Lasso.jl
Lasso.jl copied to clipboard
Divergence from GLMnet when using a matrix with many variables
When fitting models with a large number of variables, Lasso.jl and GLMnet return different paths, and the difference grows bigger as the number of variables is bigger.
An example to illustrate this:
using Lasso, GLMNet, Statistics
# fits identical models in Lasso and GLMNet from mock data
# and returns the mean absolute difference of the betas of both models
function lasso_glmnet_dif(nrow, ncol, n_col_contributing)
data = rand(nrow, ncol)
outcome = mean(data[:, 1:n_col_contributing], dims = 1)[:,1] .> rand(nrow)
presence_matrix = [1 .- outcome outcome]
l = Lasso.fit(LassoPath, data, outcome, Binomial())
g = GLMNet.glmnet(data, presence_matrix, Binomial())
lcoefs = Vector(l.coefs[:,end])
gcoefs = g.betas[:, end]
mean(abs, lcoefs .- gcoefs)
end
# 1000 records, 5 variables that all contribute to outcome
lasso_glmnet_dif(1000, 5, 5) # order of magnitude 1e-9
# 1000 records, 100 variables of which 5 contribute to the outcome
lasso_glmnet_dif(1000, 1000, 5) # around 0.05
The context for this problem is that I'm working on a julia implementation of maxnet, where a big-ish model matrix is generated (100s of columns) and a lasso path is used to select the most important ones.

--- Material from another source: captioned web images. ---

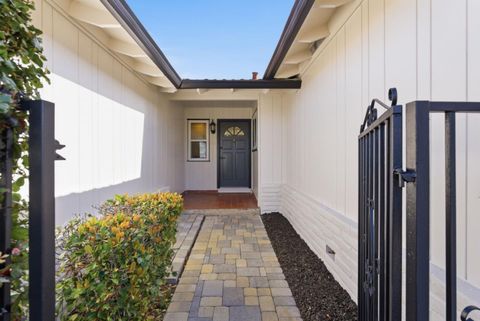 Tiny photo for 1414 Turlock Lane, San Jose, CA 95132 (MLS # ML82035985)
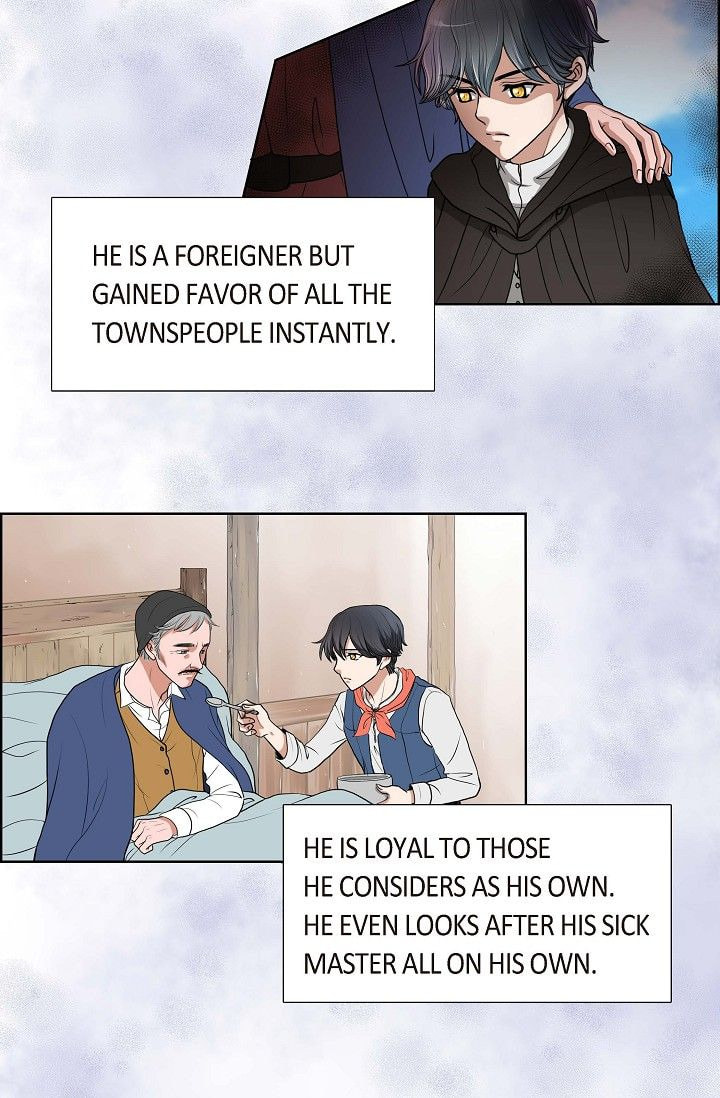 Read On the Emperor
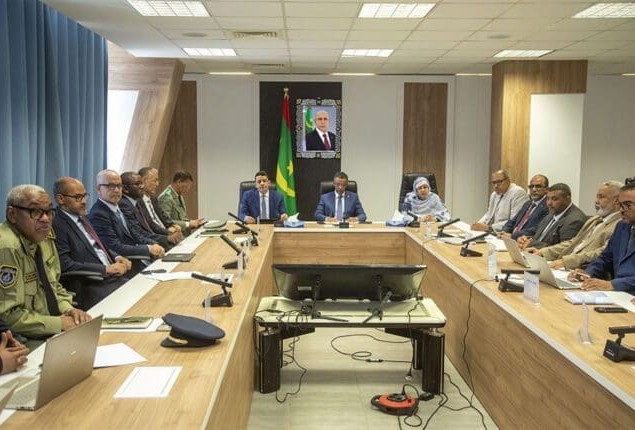 La réforme du secteur pharmaceutique évoquée par la commission ministérielle lors de sa réunion mensuelle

The packages may be generating a different path of regularization lambdas.
You can get them from the lasso path as l.λ
, and from GLMNet as g.lambda
.
Also, in your example it looks like you are picking the last coefs of the regularization path, but those are not necessarily the most interesting ones. Take a look at the docs here.

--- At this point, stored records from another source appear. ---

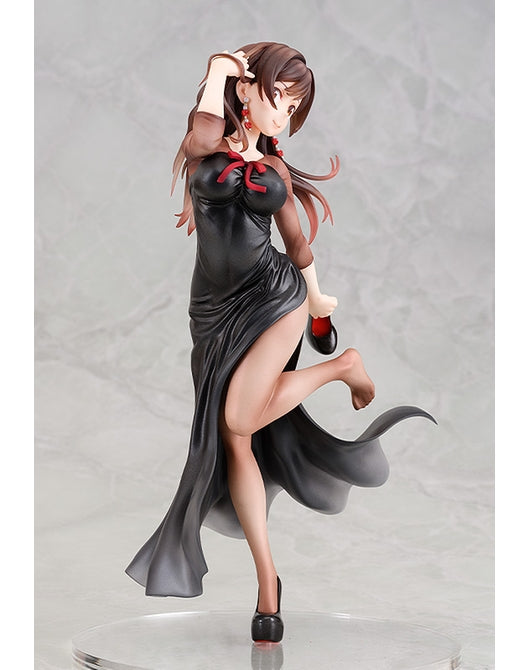 Rent-A-Girlfriend - Mizuhara Chizuru (Party Dress Ver.) 1/7 - KADOKAWA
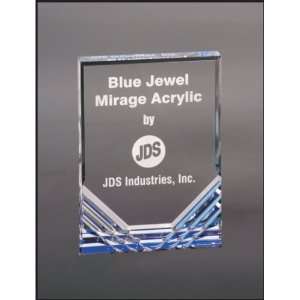  Jewel Mirage Acrylic Award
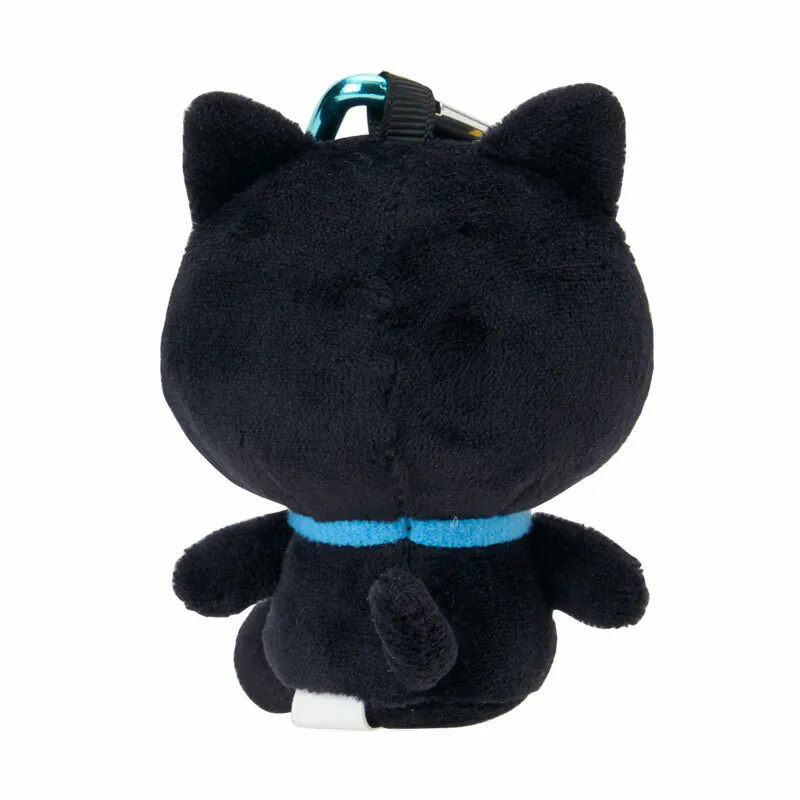 Chococat Plush Mascot All My Heart Keychain - Image 3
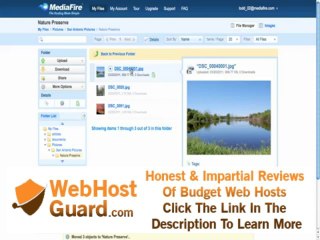 Free File Hosting Made Simple - MediaFire.mp4
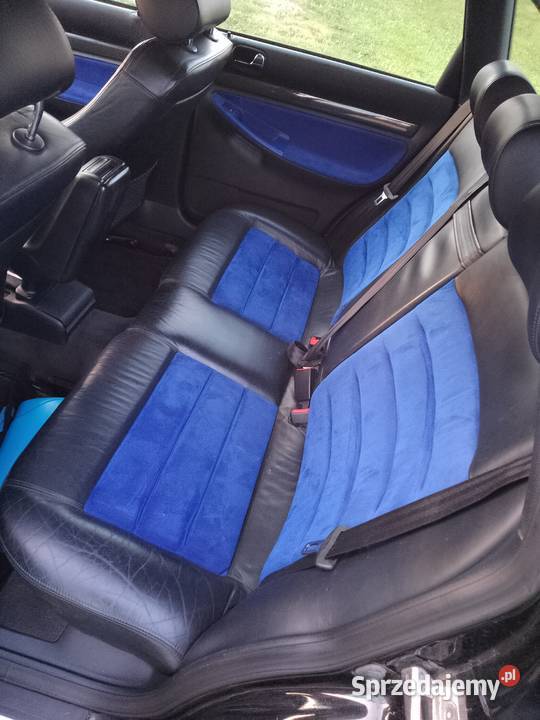 Audi s4 b5 Samochody osobowe Bytów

Hi, thanks for chipping in.
I don't think the regularization lambdas is where the differences are coming from. In the maxnet algorithm the lambdas are generated inside the algorithm and not by the packages. Even if I force the lambdas to be identical, I see the same kind of behaviour.

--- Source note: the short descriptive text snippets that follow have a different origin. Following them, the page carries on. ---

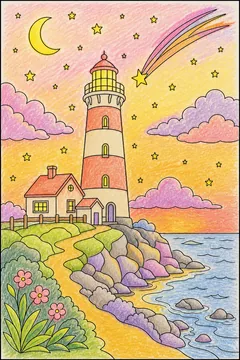 Colored example 2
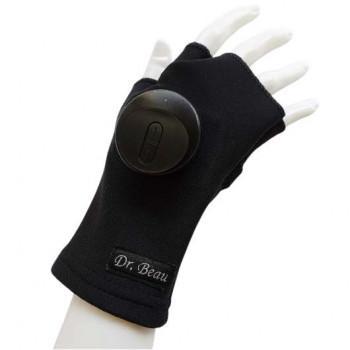 KALOS BEAUTY TECHNOLOGY Beau-te(ビューテ)手の美顔器 DB-BT702-B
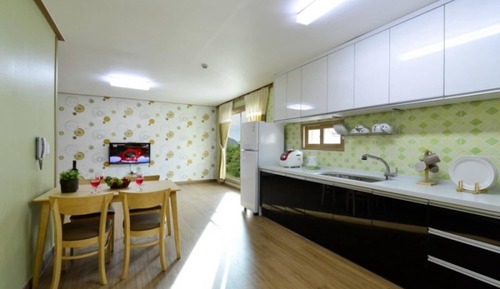 Room (Building A cloud (2F))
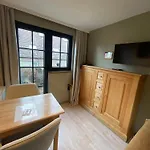 Hotel B&r Piano 2 - Louvain-la-neuve - Mont Saint Guibert
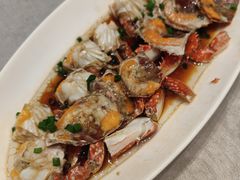 -宁海食府(大剧院店)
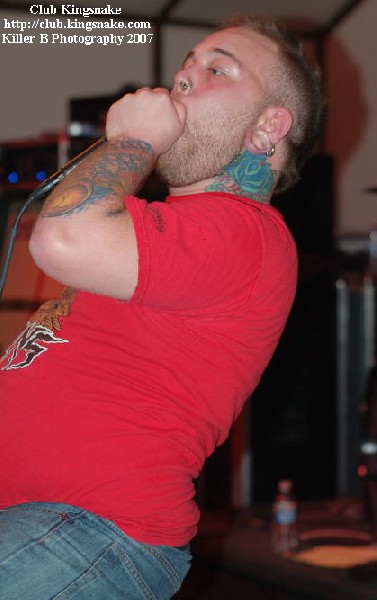 See You Next Tuesday, January 12, 2007.  The Orchard Inn, Menomonee Falls W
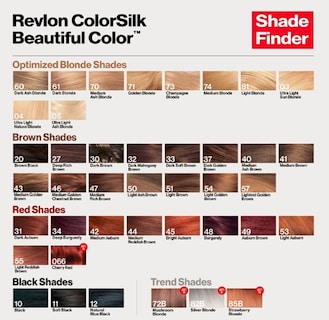 Foto 4 | Tinte para Cabello Revlon 27 Marrón Intenso y Profundo 3 Piezas - Venta Internacional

The same goes for when I look at some other part of the regularization path (maxnet always takes the last one, but I see your point).
E.g. in this example I take coefficients halfway in the path and force the lambdas to be identical, and lasso_glmnet_dif(1000, 1000, 5)
is still around 0.02.
That seems like a big difference for it to come from floating point errors, which leads me to think the algorithms are somehow different?
function lasso_glmnet_dif(nrow, ncol, n_col_contributing)
data = rand(nrow, ncol)
outcome = mean(data[:, 1:n_col_contributing], dims = 1)[:,1] .> rand(nrow)
presence_matrix = [1 .- outcome outcome]
l = Lasso.fit(LassoPath, data, outcome, Binomial())
g = GLMNet.glmnet(data, presence_matrix, Binomial(); lambda = l.λ)
lcoefs = Vector(l.coefs[:,floor(Int,end/2)])
gcoefs = g.betas[:, floor(Int,end/2)]
mean(abs, lcoefs .- gcoefs)
end